Another important group of transformations are the "set-like" operations, that works over two different dataframes. We can highlight the following set-like operations: `unionAll`, `intersect`, `except`, `distinct`.

In [25]:
people_df_tag_2 = spark.createDataFrame([(5, "Connor", 47, 2), 
                                         (6, "Daniel", 19, 0)], ["id", "name", "age", "encodedAge"])
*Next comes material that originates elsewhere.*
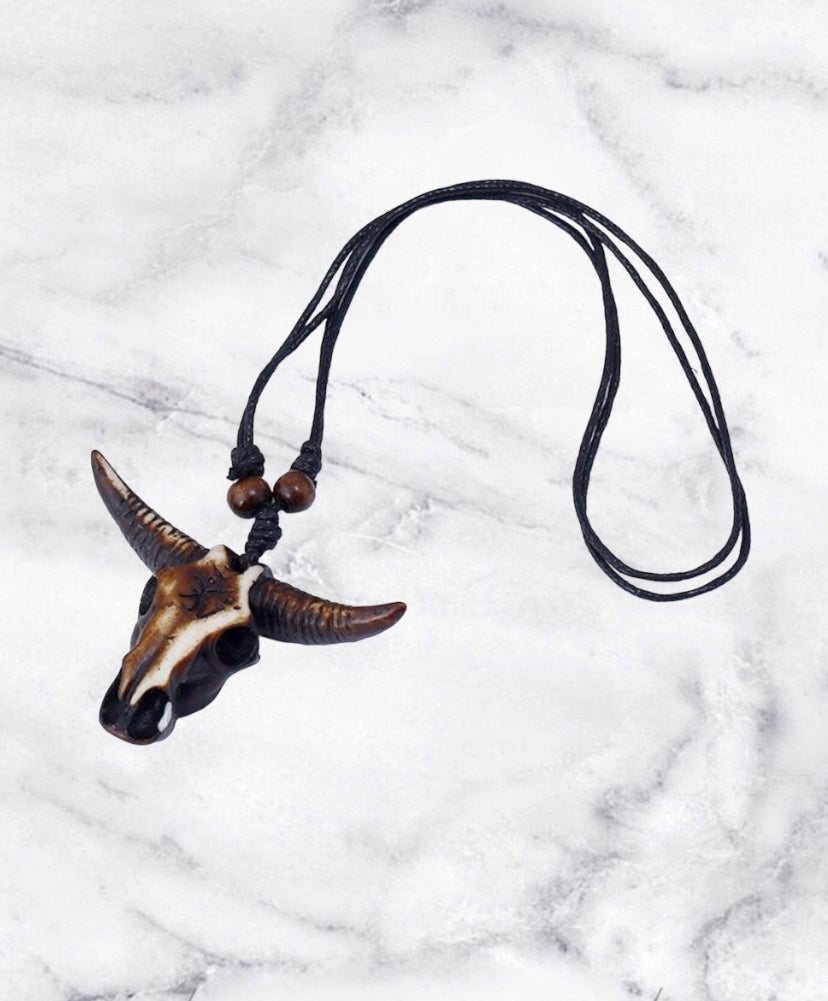 Rustic bull necklace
`unioinAll()` --> to concatenate two dataframes

In [26]:
people_df_tag_union = people_df_tag.unionAll(people_df_tag_2)

In [27]:
people_df_tag_union.show()

+---+--------+---+----------+
| id|    name|age|encodedAge|
+---+--------+---+----------+
|  1|    John| 23|         1|
|  2|   Maria| 23|         1|
|  3|Isabella| 25|         1|
|  4|     Abe| 25|         1|
|  5|  Connor| 47|         2|
|  6|  Daniel| 19|         0|
|  5|  Connor| 47|         2|
|  6|  Daniel| 19|         0|
+---+--------+---+----------+



`intersect()` --> to get the intersection between two DataFrames:

In [28]:
people_df_tag.intersect(people_df_tag_2).show()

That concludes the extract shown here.